Curation of Training and Testing Data Our primary strategy for ensuring social robustness lies in the careful curation and selection of the training and testing data. We will invest additional time and resources in evaluating how our models perform across various data categories. This careful selection process conducted by those with relevant historical expertise/domain experts aims to minimise biases and ensure that our models are as inclusive and representative as possible.
Qualitative and Quantitative Analysis We will conduct both qualitative and quantitative analyses of our models’ outputs. This dual approach allows us to rigorously evaluate the models for potential biases, ensuring they do not unfairly discriminate against any category of data.

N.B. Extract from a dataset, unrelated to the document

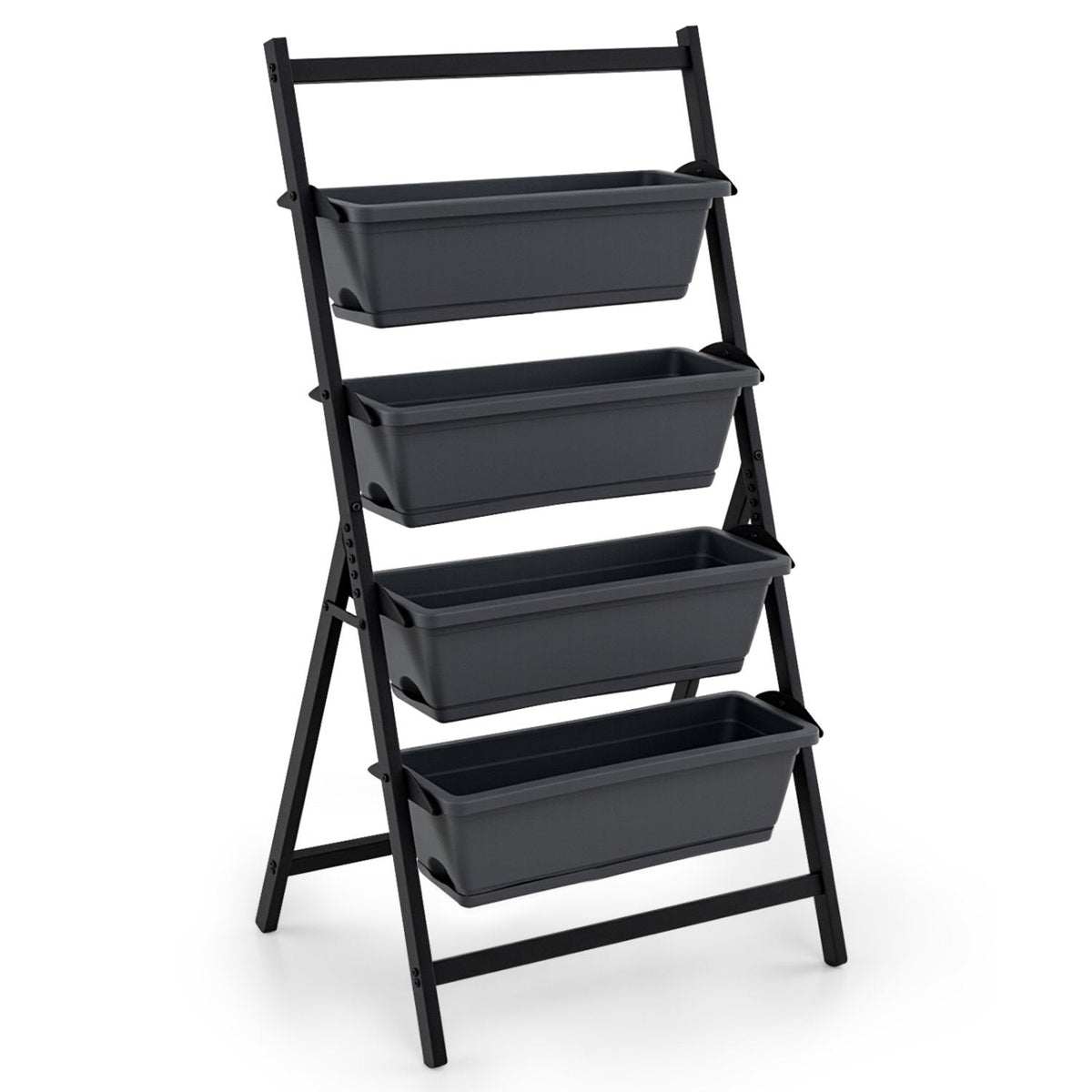 4 Tier Vertical Raised Garden Bed in Black, 49 Inch Planter with 4 Stackable Containers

Contextual Application and Validation We are committed to applying our models in contexts similar to their training data to ensure reliability. Additionally, we will explore supplemental information that can be used in tandem with our models for more insightful validation. This might include additional data layers obtained during the entity linking phase or other relevant attributes.

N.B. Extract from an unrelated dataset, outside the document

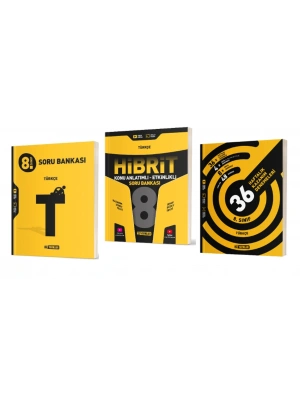HIZ YAYINLARI 8. Sınıf Türkçe Soru Bankası + Hibrit Soru Bankası (Konu Anlatımlı - Etkinlikli) + 36 Haftalık Deneme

6. Privacy and Data Governance¶
Privacy is the right of individuals to control or influence what infomration related to them may be collected and stored, and regulate who may have access to that information.
Data Protection includes measures and practices implemented to ensure that personal data is handled in compliance with data protection laws and regulations, safeguarding the rights and freedoms of individuals.
Data Governance refers to the overall management of the availability, usability, integrity, and security of the data employed our project, including the policies, processes, standards, and metrics that ensure the effective and efficient use of the data.
We prioritize data protection and commit to not collecting or storing personal user information. For research data, our governance framework includes comprehensive oversight mechanisms for collection, storage, processing, and access control. All research data is stored with certified trusted repositories, ensuring long-term sustainability and security.
III. Ethics Report¶
In this section, we provide a template for implementing and applying the ethics guidelines to the GLOBALISE project. Rather than presenting a complete report for GLOBALISE, we offer the Ethics Report template and two detailed workflow examples that demonstrate how to evaluate project components against our ethical principles.
This template serves multiple purposes:
- Establishes a systematic approach to documenting ethical considerations
- Tests the feasibility of proposed ethics guidelines in real project scenarios
- Creates a blueprint that other digital humanities projects can reference
Each project component should be evaluated against the following ethical dimensions outlined in Figure 1.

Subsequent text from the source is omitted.